Description
These Greek lemon potatoes are crispy and golden with a tangy lemon flavor, perfect as a flavorful Mediterranean-inspired side dish. Baked to tender perfection with a fragrant combination of garlic, oregano, and olive oil, they make a delicious accompaniment to any meal.
Ingredients
Potatoes
- 3 lbs Yukon gold potatoes, cut into quarters or 1-inch thick wedges
Sauce
- 1 cup chicken stock
- 1/2 cup extra virgin olive oil
- 1/4 cup lemon juice
- 4 garlic cloves, minced
- 2 tsp dried oregano
- 2 tsp fine sea salt
- 2 Tbsp unsalted butter, to dot the top
Garnish
- 1 Tbsp parsley, finely chopped
Instructions
- Preheat Oven and Prepare Sauce: Preheat the oven to 400°F. In a 9×13″ casserole dish, combine olive oil, lemon juice, chicken stock, minced garlic, dried oregano, and sea salt. Stir well to create the flavorful pan sauce.
- Coat Potatoes: Add the quartered Yukon gold potatoes to the casserole dish and toss them thoroughly to coat evenly with the pan sauce. Spread the potatoes out evenly in the pan; it’s fine if they are not fully submerged in the liquid.
- Add Butter: Dot the tops of the coated potatoes with unsalted butter to enhance flavor and browning during baking.
- Bake Potatoes: Bake the potatoes at 400°F for 70 to 80 minutes or until they become fork-tender. Stir the potatoes occasionally during baking to ensure even coating with the pan juices. Most of the liquid will be absorbed by the end, except for the olive oil.
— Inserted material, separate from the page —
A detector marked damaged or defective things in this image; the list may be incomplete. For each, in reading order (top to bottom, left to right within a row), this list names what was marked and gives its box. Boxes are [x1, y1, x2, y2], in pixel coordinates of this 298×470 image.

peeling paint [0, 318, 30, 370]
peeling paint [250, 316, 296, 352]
- Optional Broil for Crisp Edges: For extra crisp, broil the potatoes for 3-4 minutes until the tops turn golden and slightly browned.
- Serve and Garnish: Remove the dish from the oven and toss the potatoes gently to coat them again in the pan sauce. Serve directly in the casserole dish or transfer to a platter and drizzle remaining pan sauce over the top. Garnish with finely chopped parsley before serving.
Notes
- Use Yukon gold potatoes for the best texture, but red potatoes can be substituted.
- Adjust lemon juice to taste for more or less tanginess.
- For a vegetarian version, substitute chicken stock with vegetable stock.
- The pan juices can be drizzled over grilled meats or salads for additional flavor.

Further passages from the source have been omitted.